# Ok, So I am an idiot....



## Luckydawg (Apr 1, 2004)

So my Premiere XL4 was making intermittent noise like the HD was starting to go. It's got a WD20EURS and so I ran out and bought a WD20EFRX Red series so I could back it up before it crapped out. Took the cover off, and it's the #&@^# fan that was making the noise.

So, I figure I may as well make a backup while I can.

First - should I reinstall the old drive and keep the new one pristine, or figure that I've already got a couple of years out of the old drive and put the old one on the shelf?

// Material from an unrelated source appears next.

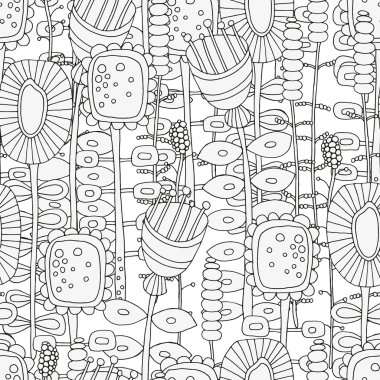 çiçek desenle. Boyama kitabı için desen.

Second - Any preference around here for ddrescue remix v12.04 vs. using JMFS v104? I have 316HD hours now and it seems I would have to run JMFS and not expand (both are 2TB), but it's not clear to me if I'd have to supersize? Somehow I think the bit for bit copy of ddrescue is somehow more logical, but I'd appreciate any thoughts.


----------



## L David Matheny (Jan 29, 2011)

Luckydawg said:


> First - should I reinstall the old drive and keep the new one pristine, or figure that I've already got a couple of years out of the old drive and put the old one on the shelf?
> 
> Second - Any preference around here for ddrescue remix v12.04 vs. using JMFS v104? I have 316HD hours now and it seems I would have to run JMFS and not expand (both are 2TB), but it's not clear to me if I'd have to supersize? Somehow I think the bit for bit copy of ddrescue is somehow more logical, but I'd appreciate any thoughts.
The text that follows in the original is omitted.